## Exercise goal
Look through the records below, and whenever a line contains "Dress", copy it.

(Stored entries)

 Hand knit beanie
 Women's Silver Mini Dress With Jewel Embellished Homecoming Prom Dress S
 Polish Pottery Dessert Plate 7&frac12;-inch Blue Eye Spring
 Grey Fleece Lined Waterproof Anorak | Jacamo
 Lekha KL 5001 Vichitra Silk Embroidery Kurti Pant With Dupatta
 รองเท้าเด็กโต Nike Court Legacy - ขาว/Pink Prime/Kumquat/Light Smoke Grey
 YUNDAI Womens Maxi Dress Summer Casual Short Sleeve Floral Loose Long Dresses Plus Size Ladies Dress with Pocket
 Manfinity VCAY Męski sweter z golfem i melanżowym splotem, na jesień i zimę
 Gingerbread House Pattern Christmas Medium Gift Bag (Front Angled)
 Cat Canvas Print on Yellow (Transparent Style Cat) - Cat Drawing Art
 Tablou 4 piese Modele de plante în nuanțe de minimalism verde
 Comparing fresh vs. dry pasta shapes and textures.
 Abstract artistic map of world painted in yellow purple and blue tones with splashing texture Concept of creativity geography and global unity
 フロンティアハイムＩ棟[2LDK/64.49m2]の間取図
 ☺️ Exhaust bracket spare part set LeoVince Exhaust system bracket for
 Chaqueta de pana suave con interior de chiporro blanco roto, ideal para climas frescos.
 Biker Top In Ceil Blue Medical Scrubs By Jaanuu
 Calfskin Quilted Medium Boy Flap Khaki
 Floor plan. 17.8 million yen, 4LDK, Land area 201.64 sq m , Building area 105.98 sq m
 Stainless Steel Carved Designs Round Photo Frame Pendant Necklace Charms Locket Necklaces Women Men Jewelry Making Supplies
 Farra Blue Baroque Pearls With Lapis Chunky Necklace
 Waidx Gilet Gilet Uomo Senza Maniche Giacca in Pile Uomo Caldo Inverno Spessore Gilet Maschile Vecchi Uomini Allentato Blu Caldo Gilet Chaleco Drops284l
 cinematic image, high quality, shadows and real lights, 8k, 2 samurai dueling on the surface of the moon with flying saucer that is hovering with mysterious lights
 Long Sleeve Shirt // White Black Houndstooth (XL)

## Response box
 Women's Silver Mini Dress With Jewel Embellished Homecoming Prom Dress S
 YUNDAI Womens Maxi Dress Summer Casual Short Sleeve Floral Loose Long Dresses Plus Size Ladies Dress with Pocket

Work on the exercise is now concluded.